Instructions for the task
The result should be the lines from the one holding "Seinen på vintern, 2015" to the end of the records below, repeated exactly. No pictures.

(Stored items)
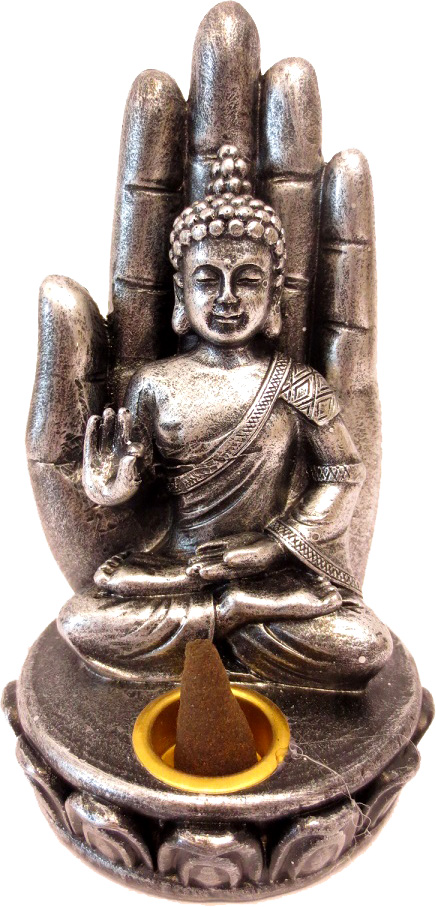 Porte encens bouddha argenté assis sur main 13cm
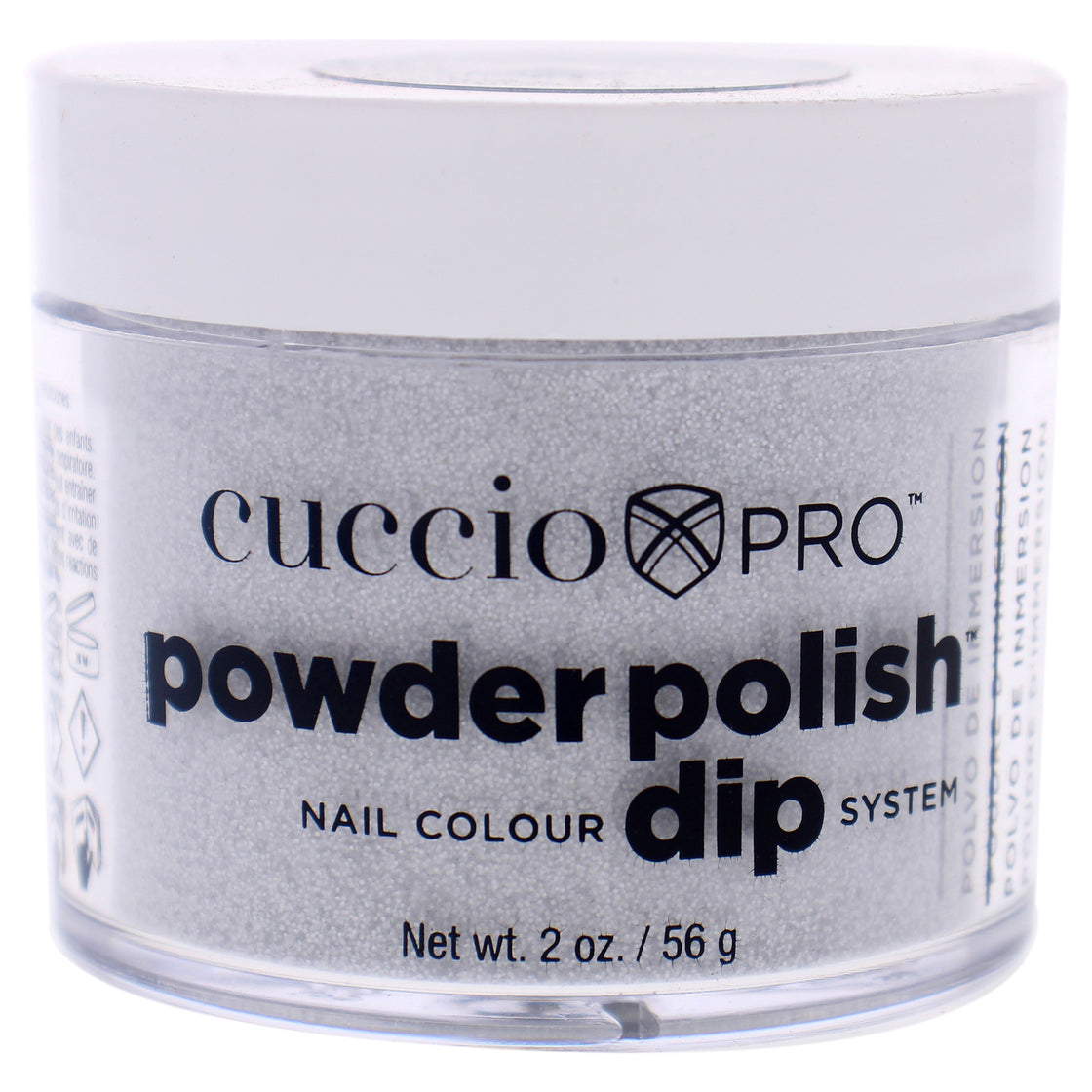 Pro Powder Polish Nail Colour Dip System - Silver with Silver Glitter by Cuccio Colour for Women - 1.6 oz Nail Powder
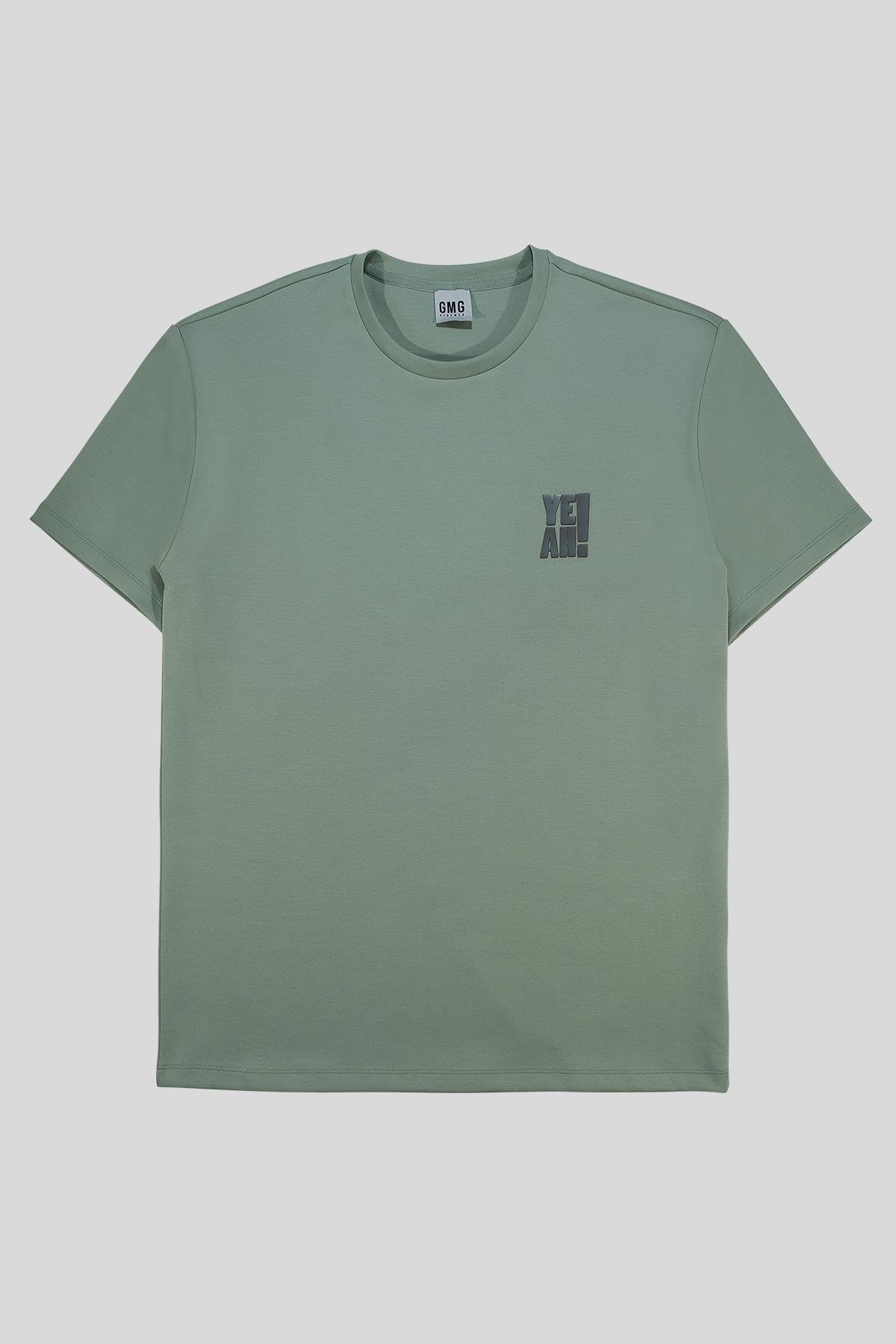 Bisiklet Yaka YEAH Baskılı Erkek T-shirt
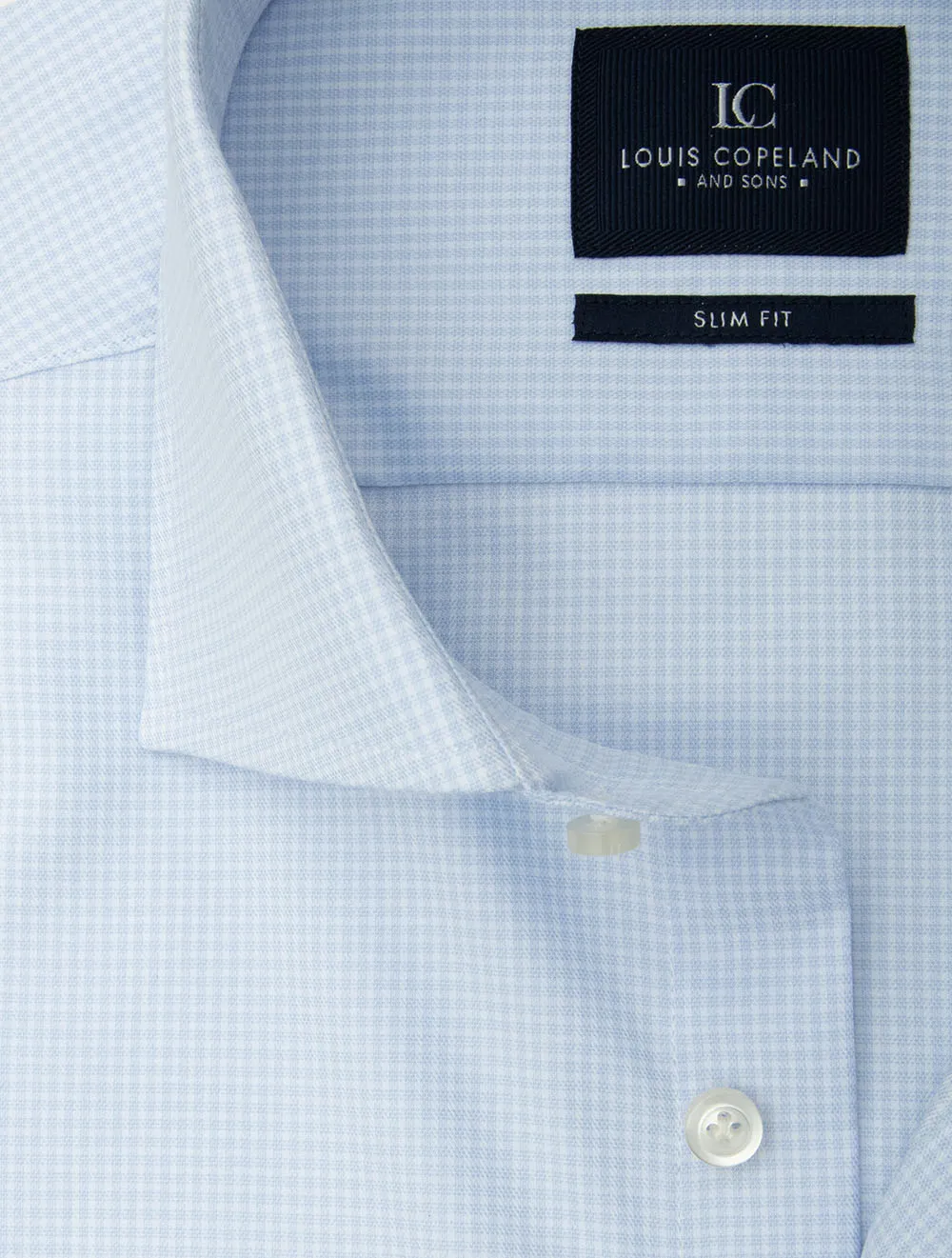 Microcheck Slim Fit Shirt Blue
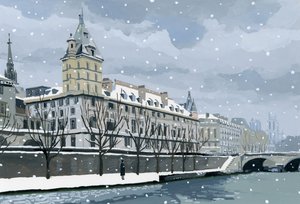 Seinen på vintern, 2015 (Gouache på papper) av Hiroyuki Izutsu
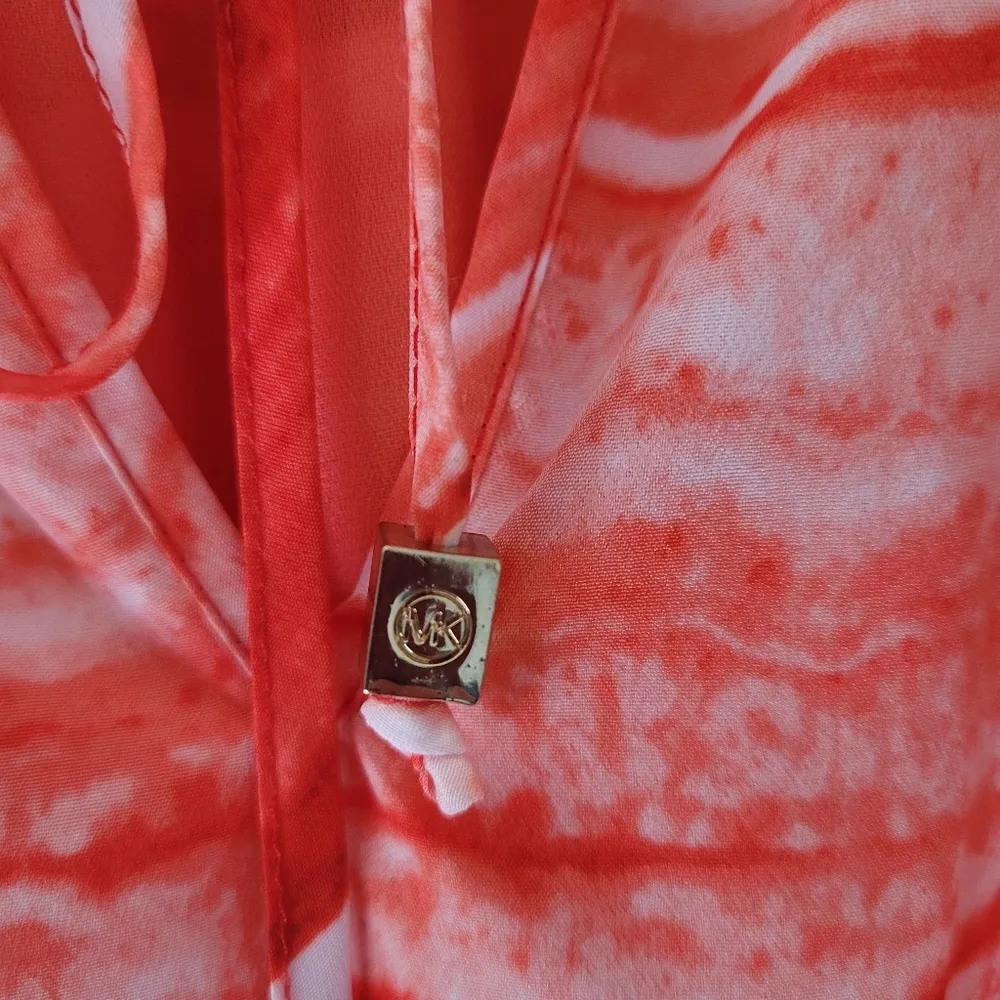 Michael Michael Kors Orange Geometric Print Tie-Neck Dress - Image 3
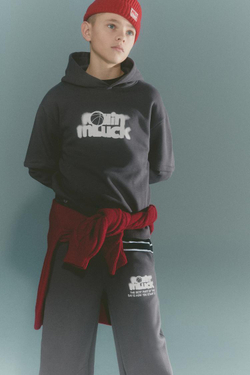 ZARA ХУДИ С ДВОЙНЫМИ РУКАВАМИ, АНТРАЦИТОВО-СЕРЫЙ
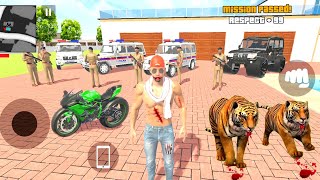 😱 Tiger Attack on Franklin 😱🚨 Indian Theft Auto 💥😱 Indian Bike Driving 3d💥🤩New Update New Cheat Code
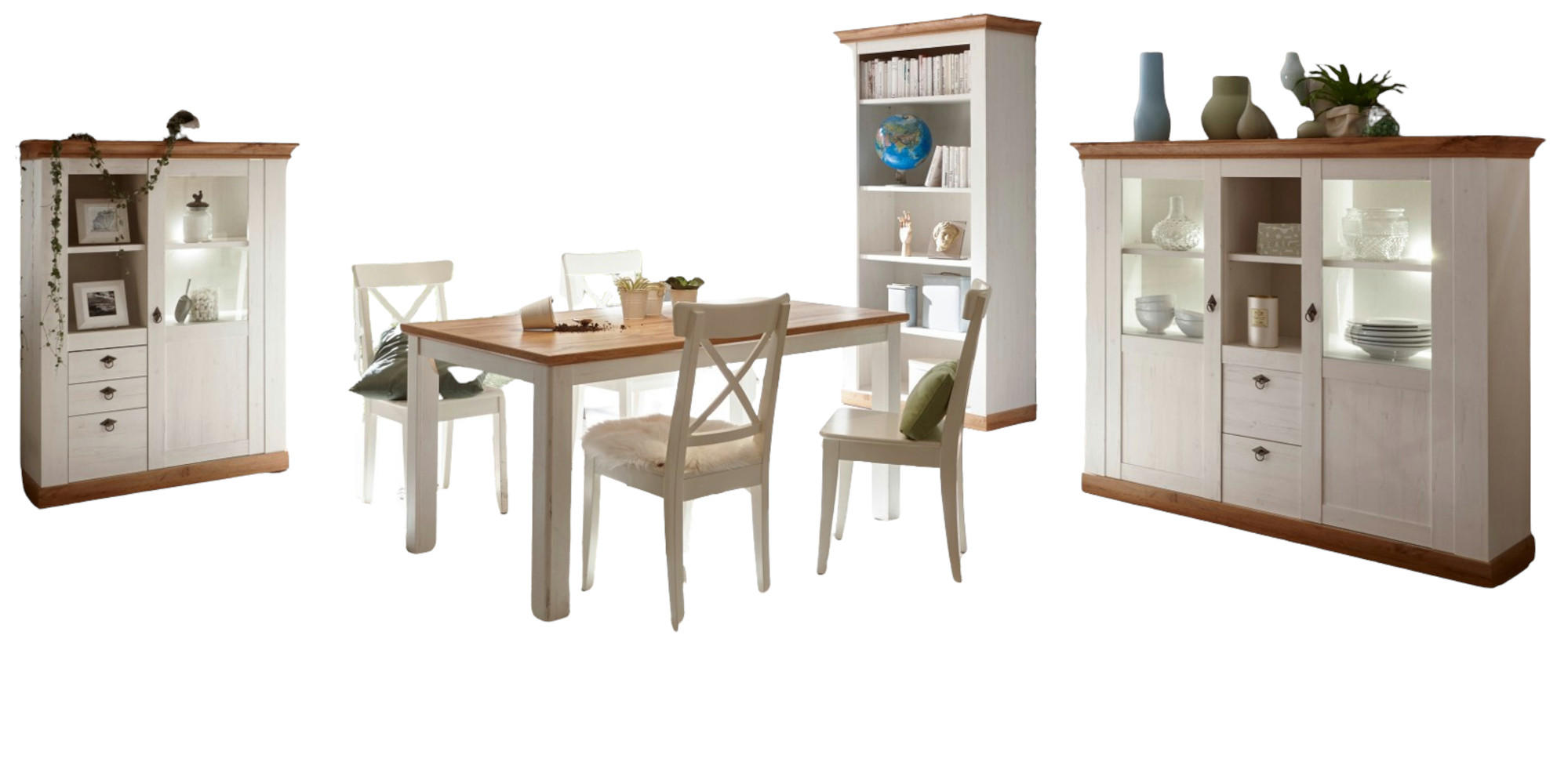 ESSZIMMER-SET weiß Pinie, Eiche Wotan, Landhaus - Eiche Wotan/Weiß, Holzwerkstoff (158/202/88cm) - Furn.Design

The answer
 Seinen på vintern, 2015 (Gouache på papper) av Hiroyuki Izutsu
 Michael Michael Kors Orange Geometric Print Tie-Neck Dress - Image 3
 ZARA ХУДИ С ДВОЙНЫМИ РУКАВАМИ, АНТРАЦИТОВО-СЕРЫЙ
 😱 Tiger Attack on Franklin 😱🚨 Indian Theft Auto 💥😱 Indian Bike Driving 3d💥🤩New Update New Cheat Code
 ESSZIMMER-SET weiß Pinie, Eiche Wotan, Landhaus - Eiche Wotan/Weiß, Holzwerkstoff (158/202/88cm) - Furn.Design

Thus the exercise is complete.